───── Supplied material ─────

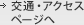 交通・アクセスページへ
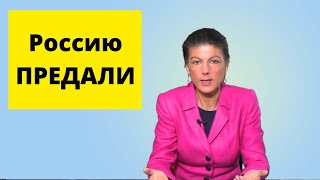 БЛИСТАТЕЛЬНАЯ речь немецкого политика (Сара Вагенкнехт)
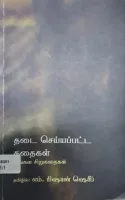 சிங்கள சிறுகதைகள் - நூல் மதிப்புரை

─────

No pictures belong in the copy. Repeat the listing above exactly.

 交通・アクセスページへ
 БЛИСТАТЕЛЬНАЯ речь немецкого политика (Сара Вагенкнехт)
 சிங்கள சிறுகதைகள் - நூல் மதிப்புரை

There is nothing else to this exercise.